А потом она уже лежит в траве, не двигается. Мертвая. Умерла. Лежит и не шевелится. Она — просто тело, которое не может ничего сделать. Зато я могу сотворить все, что только захочу. Снять трусы, полапать грудь, раздеть, ударить, порвать уши. Мягкий такой живот был у нее, загорелый. Наверняка долго валялась на югах своих, шалавливо показывала себя местным мужикам. Да и загорала только для того, чтоб ее трахнули поскорее, чтоб приятнее было ее трахать, стерву.
А вот теперь не шевелится. Только что вырывалась и просила, унижалась, надеялась и хотела жить. Но уже нет в этом теле ни мыслей, ни надежды. И это сделал — я. Я могу лишить надежды и мыслей.
Больше я не мог спокойно лежать. Внутри кипело и радостно напряглось. Душа зудела и требовала успокоения.
Было совсем раннее утро, шесть часов. Стараясь не разбудить мать, я осторожно выскользнул из квартиры, даже не умывшись. Не хотелось сбивать возникший торжественно-беспокойный настрой. Сентябрьский воздух приятно охватил лицо, я поежился: прохладно. С полчаса просто шел по улице, по прямой, совершенно без цели, потом сел в первый попутный троллейбус. Заспанный кондуктор посмотрела на проездной и кивнула: езжай, мол. Внутри было теплее, так что я даже расстегнул куртку, но не совсем, чтоб не было заметно ножа. Несколько человек безучастно качались в такт движению. Троллейбус то и дело дергался, так что меня это стало раздражать, это нарушало трепетное предчувствие.
Я вышел на следующей остановке и обнаружил себя у автовокзала. Сразу припомнился сон: автобусная остановка, автовокзал… Так предначертано. Дрожь внутри усилилась, передаваясь ногам, так что я даже присел на скамейку, чтобы не упасть; потом почувствовал слабость в животе. Неужели это все-таки случится сегодня? Наконец-то, случится…
Ноги сами выпрямились и повлекли к перрону. Было не людно, но и в столь ранний час кому-то куда-то надо было ехать. Людям всегда надо куда-то ехать, у них постоянно имеются всякие дела, желания и цели, за которыми надо тащиться в то или иное место. В городе снуют средства передвижения, набитые до отказа живыми телами. Неужели всем все время куда-то требуется попасть? А мне? Так ли это нужно?

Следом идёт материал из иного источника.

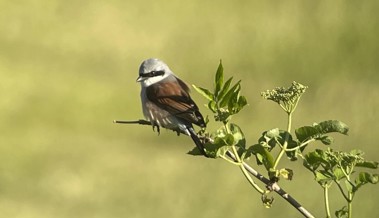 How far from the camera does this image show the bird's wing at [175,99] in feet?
2.03

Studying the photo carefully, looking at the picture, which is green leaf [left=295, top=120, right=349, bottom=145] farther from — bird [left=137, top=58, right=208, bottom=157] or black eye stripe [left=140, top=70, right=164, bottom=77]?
black eye stripe [left=140, top=70, right=164, bottom=77]

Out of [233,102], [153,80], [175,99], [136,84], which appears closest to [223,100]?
[233,102]

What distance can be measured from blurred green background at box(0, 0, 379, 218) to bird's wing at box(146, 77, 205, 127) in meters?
0.15

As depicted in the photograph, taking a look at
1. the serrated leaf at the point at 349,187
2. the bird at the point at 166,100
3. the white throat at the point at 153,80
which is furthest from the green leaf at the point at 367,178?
the white throat at the point at 153,80

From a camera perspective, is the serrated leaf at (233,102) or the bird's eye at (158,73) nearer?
the serrated leaf at (233,102)

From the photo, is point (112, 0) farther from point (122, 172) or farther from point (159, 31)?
point (122, 172)

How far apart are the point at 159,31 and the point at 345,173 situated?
1.98ft

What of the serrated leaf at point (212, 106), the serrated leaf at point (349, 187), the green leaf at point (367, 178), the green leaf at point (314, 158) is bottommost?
the serrated leaf at point (349, 187)

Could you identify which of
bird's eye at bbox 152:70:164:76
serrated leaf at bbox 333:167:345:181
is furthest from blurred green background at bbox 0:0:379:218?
serrated leaf at bbox 333:167:345:181

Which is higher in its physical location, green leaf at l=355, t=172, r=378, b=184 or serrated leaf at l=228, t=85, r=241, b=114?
serrated leaf at l=228, t=85, r=241, b=114

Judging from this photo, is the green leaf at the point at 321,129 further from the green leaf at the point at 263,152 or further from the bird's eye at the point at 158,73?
the bird's eye at the point at 158,73

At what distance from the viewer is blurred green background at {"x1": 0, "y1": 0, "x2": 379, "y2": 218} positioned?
93cm

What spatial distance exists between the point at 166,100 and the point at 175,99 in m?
0.05

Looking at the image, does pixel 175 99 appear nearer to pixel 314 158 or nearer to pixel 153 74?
pixel 153 74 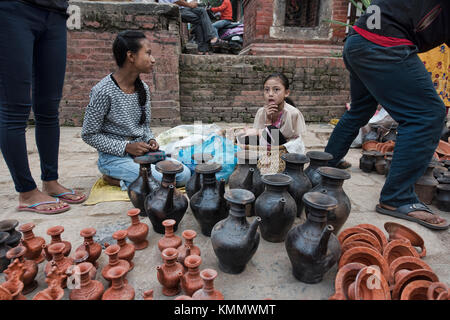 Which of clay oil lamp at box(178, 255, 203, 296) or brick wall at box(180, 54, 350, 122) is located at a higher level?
brick wall at box(180, 54, 350, 122)

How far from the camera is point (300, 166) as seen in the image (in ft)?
7.17

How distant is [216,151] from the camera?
295 centimetres

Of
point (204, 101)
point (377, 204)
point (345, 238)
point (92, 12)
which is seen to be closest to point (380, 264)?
point (345, 238)

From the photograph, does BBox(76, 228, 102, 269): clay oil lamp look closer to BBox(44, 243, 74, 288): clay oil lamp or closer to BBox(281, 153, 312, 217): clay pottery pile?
BBox(44, 243, 74, 288): clay oil lamp

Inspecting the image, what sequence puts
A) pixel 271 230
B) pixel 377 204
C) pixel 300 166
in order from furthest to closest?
1. pixel 377 204
2. pixel 300 166
3. pixel 271 230

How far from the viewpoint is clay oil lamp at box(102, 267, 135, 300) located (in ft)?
4.26

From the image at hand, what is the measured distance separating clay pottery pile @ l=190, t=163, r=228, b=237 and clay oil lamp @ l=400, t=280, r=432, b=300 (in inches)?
44.3

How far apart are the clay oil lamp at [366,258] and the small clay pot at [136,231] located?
1.24 metres

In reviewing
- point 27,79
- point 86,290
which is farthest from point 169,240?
point 27,79

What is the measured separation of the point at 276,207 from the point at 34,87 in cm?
213

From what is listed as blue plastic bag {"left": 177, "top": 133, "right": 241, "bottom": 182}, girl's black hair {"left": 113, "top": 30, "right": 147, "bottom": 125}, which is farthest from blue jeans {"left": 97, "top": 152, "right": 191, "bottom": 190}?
girl's black hair {"left": 113, "top": 30, "right": 147, "bottom": 125}

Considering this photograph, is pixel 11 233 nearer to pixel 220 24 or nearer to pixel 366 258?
pixel 366 258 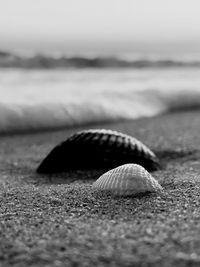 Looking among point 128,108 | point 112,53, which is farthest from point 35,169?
point 112,53


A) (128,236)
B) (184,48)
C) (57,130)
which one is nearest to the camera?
→ (128,236)

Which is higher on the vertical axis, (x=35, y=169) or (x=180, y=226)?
(x=180, y=226)

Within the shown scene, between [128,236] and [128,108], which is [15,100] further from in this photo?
[128,236]

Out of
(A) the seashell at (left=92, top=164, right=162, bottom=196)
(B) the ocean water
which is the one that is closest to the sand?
(A) the seashell at (left=92, top=164, right=162, bottom=196)

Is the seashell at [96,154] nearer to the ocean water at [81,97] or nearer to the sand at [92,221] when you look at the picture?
the sand at [92,221]

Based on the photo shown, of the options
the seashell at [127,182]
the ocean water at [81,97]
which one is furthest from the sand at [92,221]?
the ocean water at [81,97]

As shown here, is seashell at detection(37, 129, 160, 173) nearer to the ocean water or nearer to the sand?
the sand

Нужно. Чтобы не поймали, чтобы не подумали, что я живу здесь.
План возник мгновенно. До вечера успею вернуться окольными маршрутами. Сегодня воскресенье, а потому на работе не хватятся. А матери совру что-нибудь, ей все равно плевать.

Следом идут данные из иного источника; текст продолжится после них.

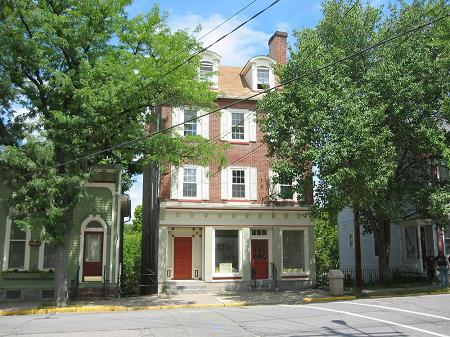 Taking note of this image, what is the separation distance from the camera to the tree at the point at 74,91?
667 inches

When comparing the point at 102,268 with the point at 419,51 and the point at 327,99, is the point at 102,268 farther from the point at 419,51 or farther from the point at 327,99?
the point at 419,51

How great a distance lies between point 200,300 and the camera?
66.9 feet

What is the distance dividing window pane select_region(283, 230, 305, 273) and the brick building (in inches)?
2.0

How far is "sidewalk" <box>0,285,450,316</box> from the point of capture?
17891 millimetres

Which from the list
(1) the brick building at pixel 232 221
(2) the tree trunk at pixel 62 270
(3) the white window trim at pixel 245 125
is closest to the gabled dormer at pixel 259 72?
(1) the brick building at pixel 232 221

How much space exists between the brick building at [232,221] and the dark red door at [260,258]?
0.05 metres

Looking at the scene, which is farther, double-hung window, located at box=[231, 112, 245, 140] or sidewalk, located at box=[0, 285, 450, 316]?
double-hung window, located at box=[231, 112, 245, 140]

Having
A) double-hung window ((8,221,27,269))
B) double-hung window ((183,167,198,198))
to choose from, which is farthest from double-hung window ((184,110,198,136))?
double-hung window ((8,221,27,269))

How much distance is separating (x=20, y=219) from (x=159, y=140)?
573cm

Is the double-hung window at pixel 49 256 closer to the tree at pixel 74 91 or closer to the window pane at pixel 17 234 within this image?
the window pane at pixel 17 234

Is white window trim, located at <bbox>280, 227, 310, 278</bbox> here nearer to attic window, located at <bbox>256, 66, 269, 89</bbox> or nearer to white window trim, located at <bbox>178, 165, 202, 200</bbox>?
white window trim, located at <bbox>178, 165, 202, 200</bbox>

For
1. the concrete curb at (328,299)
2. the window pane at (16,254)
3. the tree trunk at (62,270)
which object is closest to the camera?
the tree trunk at (62,270)

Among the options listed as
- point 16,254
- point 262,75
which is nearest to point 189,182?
point 262,75

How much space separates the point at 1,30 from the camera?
17.1 metres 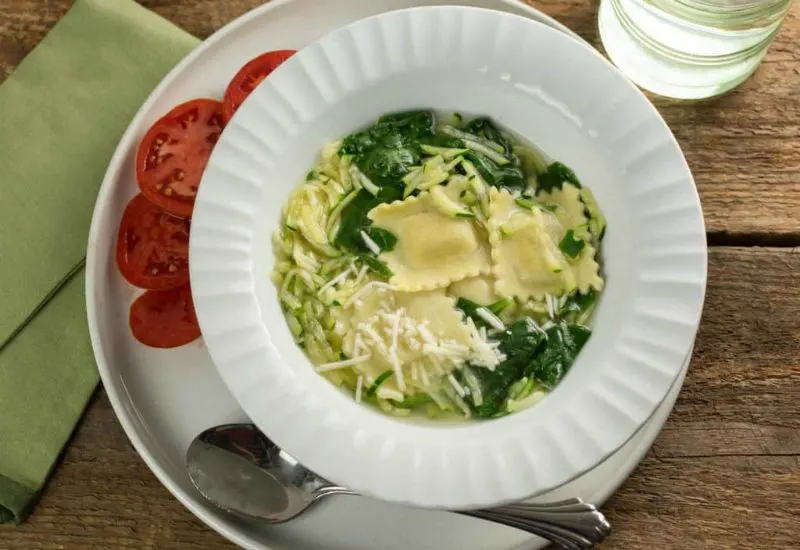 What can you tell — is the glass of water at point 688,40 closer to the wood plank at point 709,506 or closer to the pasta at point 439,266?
the pasta at point 439,266

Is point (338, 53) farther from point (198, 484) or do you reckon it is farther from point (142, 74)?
point (198, 484)

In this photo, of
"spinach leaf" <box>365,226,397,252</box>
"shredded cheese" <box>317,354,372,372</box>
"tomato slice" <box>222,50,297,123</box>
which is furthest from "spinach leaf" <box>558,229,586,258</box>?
"tomato slice" <box>222,50,297,123</box>

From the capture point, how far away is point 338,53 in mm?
2174

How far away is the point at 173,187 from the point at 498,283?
1.00 m

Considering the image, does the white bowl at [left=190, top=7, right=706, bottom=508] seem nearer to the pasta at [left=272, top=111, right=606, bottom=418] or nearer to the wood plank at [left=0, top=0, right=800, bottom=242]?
the pasta at [left=272, top=111, right=606, bottom=418]

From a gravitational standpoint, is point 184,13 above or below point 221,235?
above

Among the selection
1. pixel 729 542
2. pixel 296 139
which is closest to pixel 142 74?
pixel 296 139

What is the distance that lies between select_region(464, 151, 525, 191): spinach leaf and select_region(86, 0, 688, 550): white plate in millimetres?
479

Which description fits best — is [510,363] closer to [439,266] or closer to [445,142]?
[439,266]

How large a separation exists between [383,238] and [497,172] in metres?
0.38

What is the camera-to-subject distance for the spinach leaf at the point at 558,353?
6.95 ft

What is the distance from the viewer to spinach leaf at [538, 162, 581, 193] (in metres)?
2.25

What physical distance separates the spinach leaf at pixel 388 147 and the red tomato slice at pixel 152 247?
1.91ft

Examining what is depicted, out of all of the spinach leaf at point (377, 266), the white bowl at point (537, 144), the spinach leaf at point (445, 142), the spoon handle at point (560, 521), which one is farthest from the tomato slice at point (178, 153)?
the spoon handle at point (560, 521) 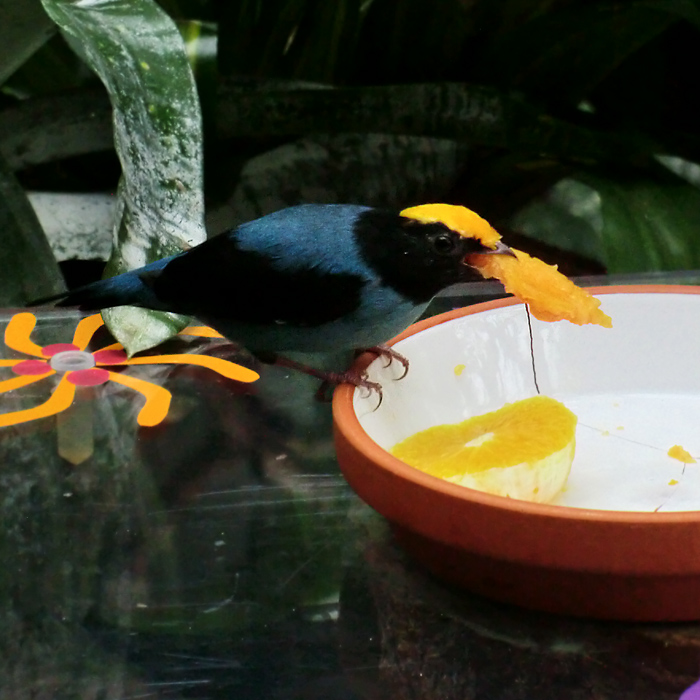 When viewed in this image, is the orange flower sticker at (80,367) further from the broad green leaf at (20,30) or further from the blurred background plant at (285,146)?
the broad green leaf at (20,30)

Можно в Богуслав, а можно в Вышгород. Нет, Вышгород слишком близко. Тогда Богуслав? Или… Мысли сразу спутались, голову охватило вязким горячим туманом.
Купил билет до Богуслава. Стоял на перроне и все ждал, что вот-вот появится она. Почему-то твердо был уверен, что все будет, как в том сне. Но ее все не было. Подошел автобус. Я прошел на свое место, опустив глаза. Почему-то не хотелось видеть лица. Плотные, обтянутые кожей, с дырками, ведущими прямо внутрь организмов. Мы тронулись. Рядом сидел какой-то рыболов или дачник, весь в удочках, корзинках, пакетах… По счастью, он не пытался завязать разговор, вряд ли я ответил бы ему что-то адекватное. Мысли то бессвязно роились, возникая из тревожного горячего тумана, то исчезали совсем, уступая место вязкой апатии. То ли я просто задремал, то ли стерлось ощущение времени. Но вдруг автобус остановился и все начали выходить. Я непонимающе осмотрелся. Уже приехали. Не может быть, что-то уж совсем быстро.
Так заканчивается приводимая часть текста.